It is noted that the terminology used herein is for the purpose of describing particular embodiments only and is not intended to be limiting of exemplary embodiments according to the invention. As used herein, the singular forms "a", "an" and "the" are intended to include the plural forms as well, and it should be understood that when the terms "comprises" and/or "comprising" are used in this specification, they specify the presence of stated features, steps, operations, devices, components, and/or combinations thereof, unless the context clearly indicates otherwise.

It should be noted that the flowchart and block diagrams in the figures represent the architecture, functionality, and operation of possible implementations of systems according to various embodiments of the present disclosure. It should be noted that each block in the flowchart or block diagrams may represent a module, a segment, or a portion of code, which may comprise one or more executable instructions for implementing the logical function specified in the respective embodiment. It should also be noted that, in some alternative implementations, the functions noted in the block may occur out of the order noted in the figures. For example, two blocks shown in succession may, in fact, be executed substantially concurrently, or the blocks may sometimes be executed in the reverse order, depending upon the functionality involved. It will also be noted that each block of the flowchart illustrations and/or block diagrams, and combinations of blocks in the flowchart illustrations and/or block diagrams, can be implemented by special purpose hardware-based systems which perform the specified functions or acts, or combinations of special purpose hardware and computer instructions.

Example one

As shown in fig. 1, the present embodiment provides a biomarker recognition system based on a network maximum information flow model, including:

a comparison screening module configured to: comparing the information flow scores of the same nodes in different resistance networks, only keeping the node with the largest information flow score in the original network so as to obtain a candidate module, and then eliminating the modules with the node number less than a set value to finally obtain a qualified module;

The embodiment discloses a biomarker recognition system based on a maximum network information flow model, which is based on interaction data of transcriptome and proteome, is applicable to general diseases, and for more clear expression, the system is described by taking congenital heart disease as an example, and is shown in fig. 1 and comprises:

s1: acquiring gene expression data related to the Faluo quadruple syndrome of the congenital heart disease and reconstructing gene expression data of an operation control group, constructing a protein interaction network, and weighting each interaction.

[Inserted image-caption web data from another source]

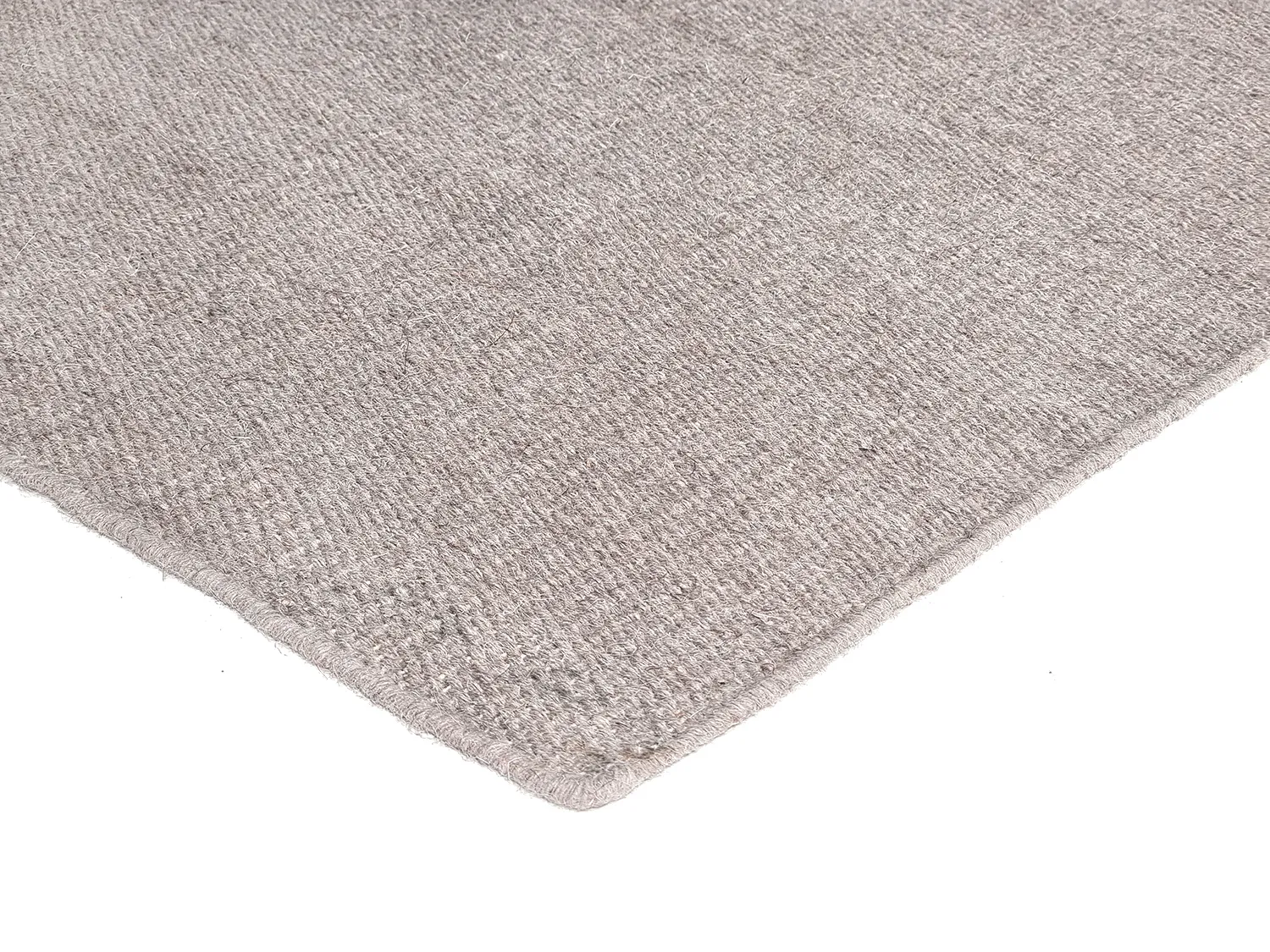 Vlněný koberec - Hamilton (Silver Grey)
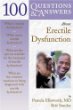 100 Questions  Answers About Erectile Dysfunction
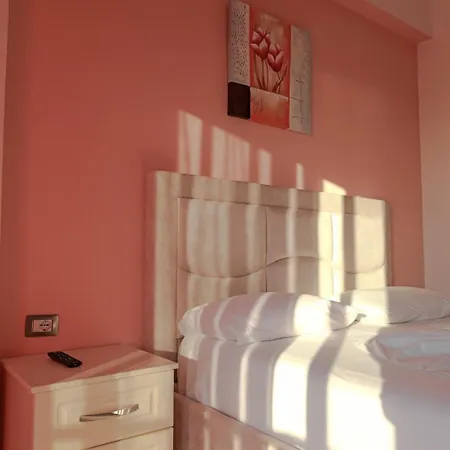 Apartment Unico Sarande
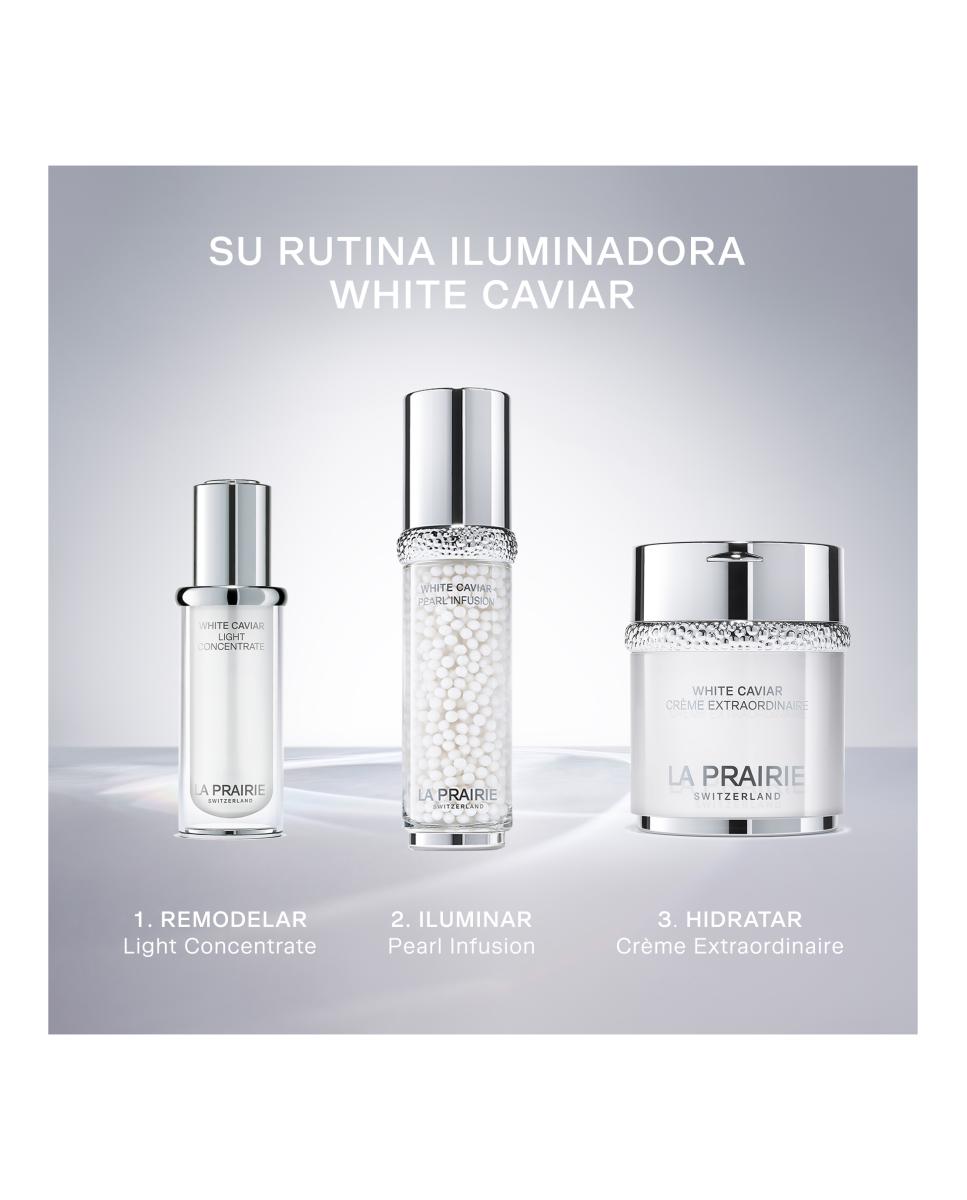Sérum facial White Caviar Pearl Infusion La Prairie - 30 ml 7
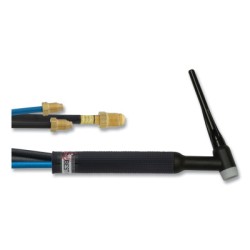 FLEX TIG TORCH ASSY-ORS NASCO-900-18F-25-R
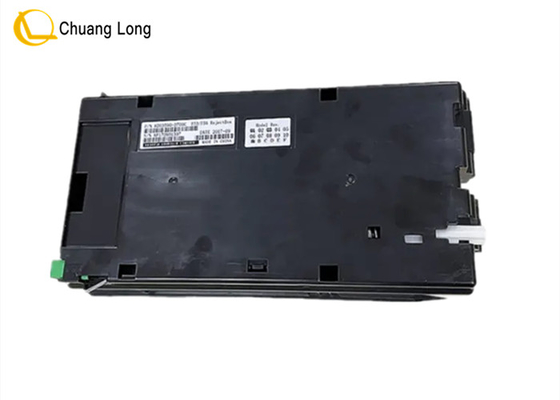 Τμήματα μηχανών ΑΤΜ Fujitsu F53 F56 Κουτί απόρριψης KD03590-D700C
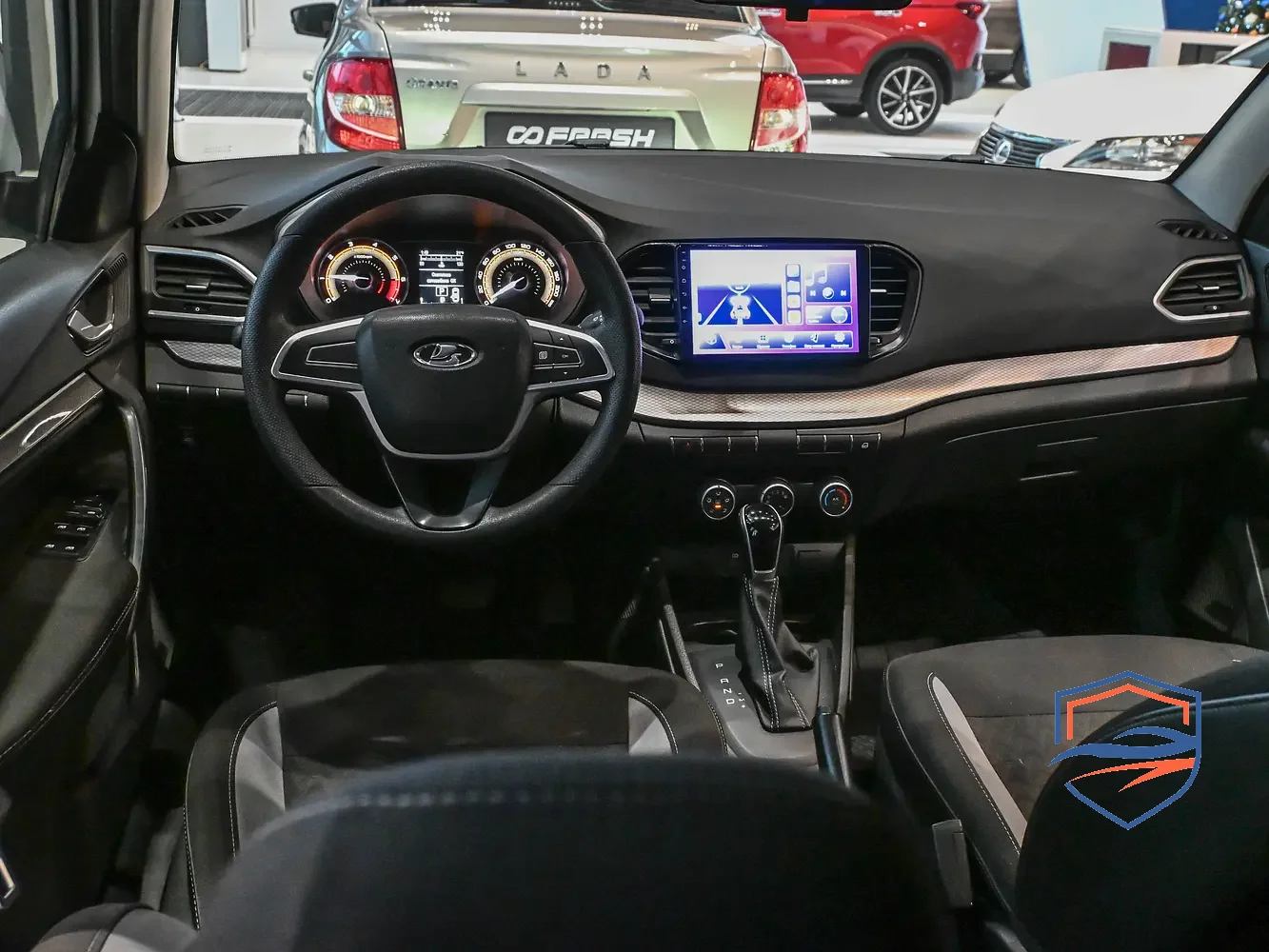 LADA (ВАЗ) - LADA (ВАЗ) Vesta SW I Рестайлинг (NG), 2024 г.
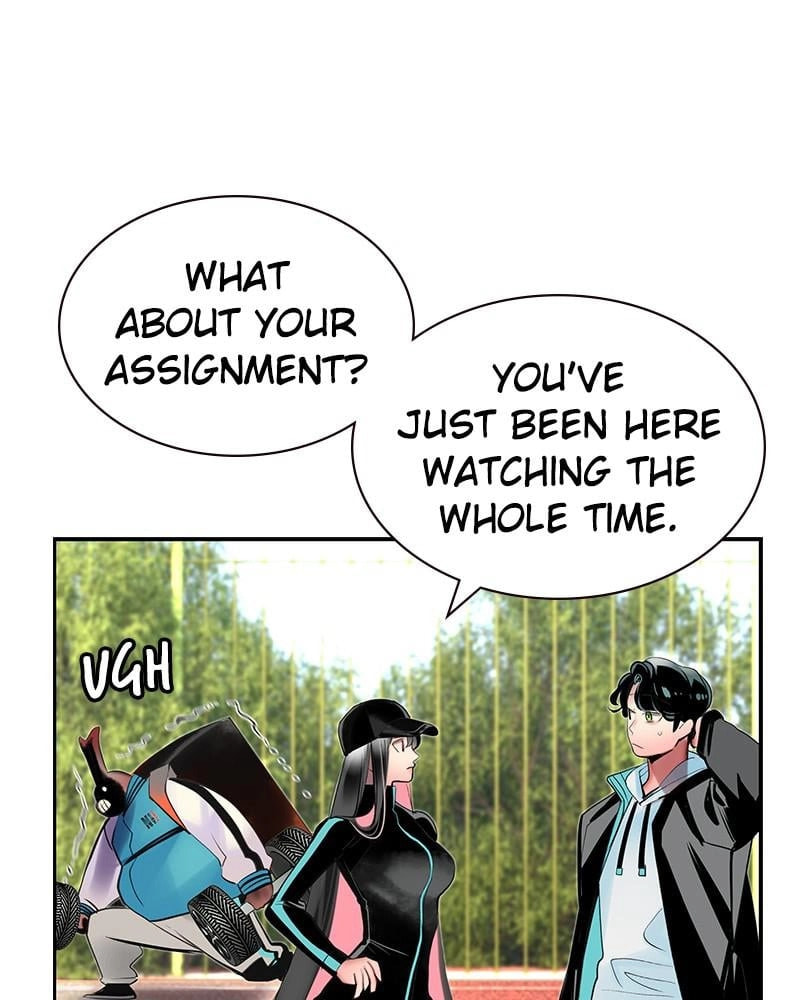 Read Jungle Juice EN Manga Online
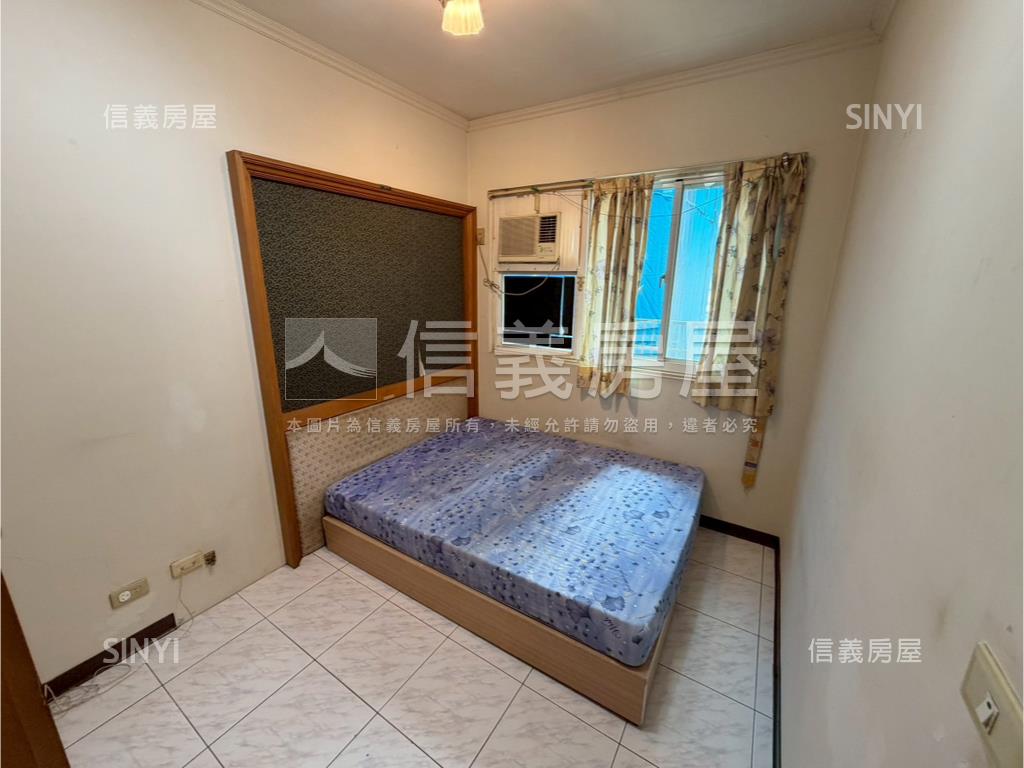 生活家美三房房屋室內格局與周邊環境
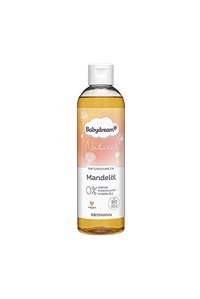 Rossmann Babydream Bademli Vegan Bebek Masaj Yağı 250 ml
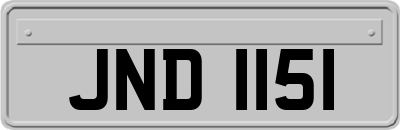 JND1151
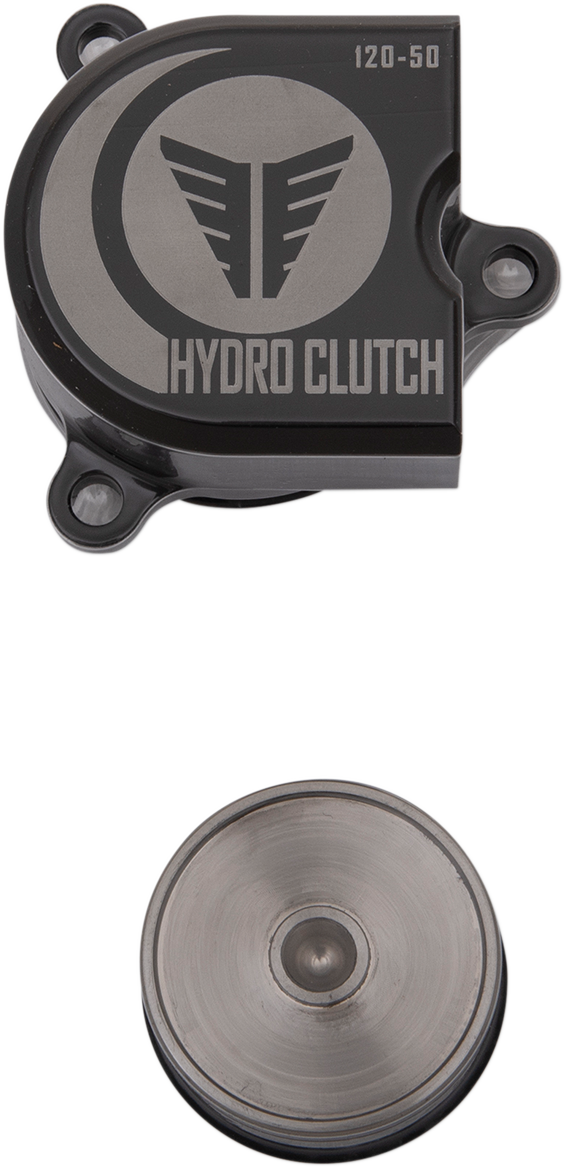 MUELLER MOTORCYCLE AG Hydro Clutch - Twin Cam 120-50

S2: and performing Z fraction processing on the gene expression data, and performing t test to obtain the target gene and the differential expression gene.

S3: and obtaining the shortest path between the target gene Si and the differential expression gene Tj, and constructing a sub-network.

S4: and modeling the constructed protein sub-network into a resistance network, and calculating the information flow fraction of each node in each resistance network by using kirchhoff current law.

S5: and comparing the information flow scores of the same nodes in different resistance networks, only keeping the node with the largest information flow score in the original network so as to obtain a candidate module, and then eliminating the module with the smaller number of nodes to finally obtain a qualified module.

S6: and (4) classifying by using a logistic regression model, and drawing an ROC curve to evaluate the classification effect.

In step S1, GSE26125 and GSE14970 in the GSE dataset are selected as raw data, and both are preprocessed according to the original document, and the common part of the two gene expression datasets is obtained to wait for subsequent processing. The common genes in the PPI (protein-protein interaction) network and in the Affymetrix Human Genome U133 Plus 2.0Array microarray were used, and the maximum connecting component of the network was extracted, and the weight of the interaction between each protein node was defined as their correlation value, and the formula is as follows:

and the distance between the nodes is defined as distance 1- | corr |.

In step S2, the gene expression data is processed by Z-Score, the data with different magnitudes are processed uniformly to the same magnitude, and the transformed Z-Score value is used to measure the gene expression value. The method comprises the steps of performing t test on gene expression data, specifically, extracting expression values of the same gene in disease and health samples to form a vector, calculating a t statistic for each group of vectors to compare differences of the gene expression values in the two samples, calculating a significance p value based on a t distribution result, and more dialectically measuring the significance of the differences. The calculation formula is as follows:

the numerator on the right of the equation is the difference of the average expression value of the gene i in the two types of samples, and the denominator is the standard error of calculating the gene i in all the samples. A gene is defined as a differentially expressed gene in CHD (genetic heart disease) cases if its normalized gene has a p-value <0.01 in CHD cases compared to all controls; a gene is defined as a target gene if the p-value is <0.01 in more than 75% of the cases.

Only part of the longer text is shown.